John Williams:  Dude’s old.  Get him working now.  Tie his granddaughter up and suspend her over a meat grinder if that’s what it takes to keep the guy composing new Star Wars theme music from now until he croaks.  That may sound a tad bit incredibly cruel to children and septuagenarian alike, but this is the only guy who, across all 6 films, never lost sight of what a Star Wars movie should be, and occasionally even made the prequels feel like one.

Sorry, Gina, but it’s for a good cause.

Directors:  It feels wrong, being even mildly knowledgeable about the craft of cinema, to downplay the importance of a director’s contribution, but if ever there was a case where a director didn’t matter, it’s this one.

That’s not to say they aren’t important, just that Star Wars, even more than other franchises, has a distinct and fairly rigid visual style that even a true auteur is not going to be able to stray too far outside.  For this reason, I don’t think we should actually hope for a Guillermo Del Toro or Darren Aronofsky or Alfonso Cuaron or even a Rian Johnson to jump on board.  I want to see what those guys produce on their own.  I want Star Wars in the hands of someone who is good with actors and can shoot a competent action scene.

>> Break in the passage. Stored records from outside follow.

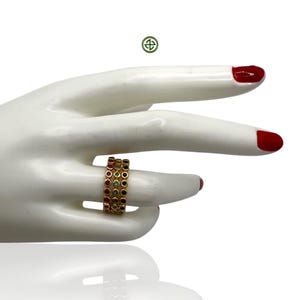 Peut inclure: Une bague en or avec trois bandes de pierres color&eacute;es. Les pierres sont rouges, vertes et bleues.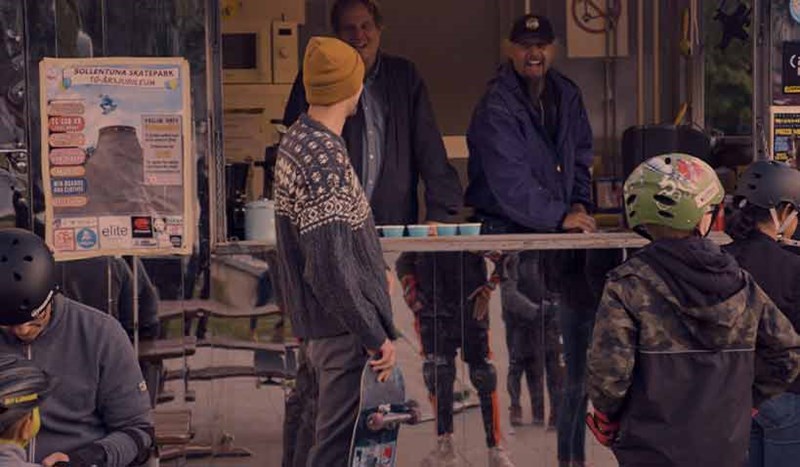 Skateboard och en kiosk som bakgrund.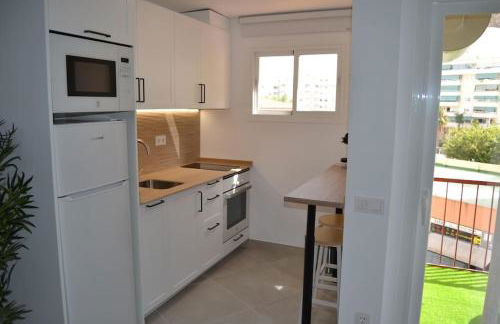 Fuengirola Beach & terrace by ELE Apartments - Photo 9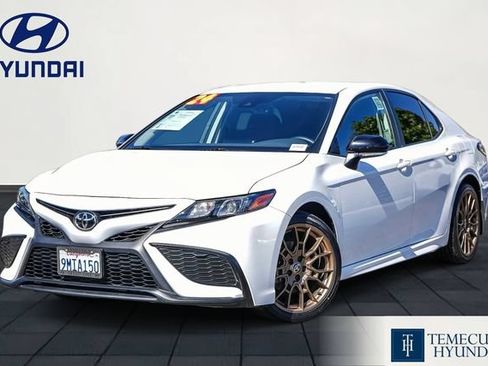 Used 2024 Toyota Camry SE w/ Convenience Package FWD image 1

If they should have some experience producing or punching up scripts, all the better.

To that end, I love Tim Kelly’s suggestion of Drew Goddard, whose Cabin In The Woods was the best surprise of the year, and showcased an ability to simultaneously homage and deconstruct genre tropes while still being its own story with a consistent internal logic.  Star Wars is essentially a genre unto itself at this point, so a similar approach, lighter on the deconstruction but similarly faithful to the spirit, would be ideal.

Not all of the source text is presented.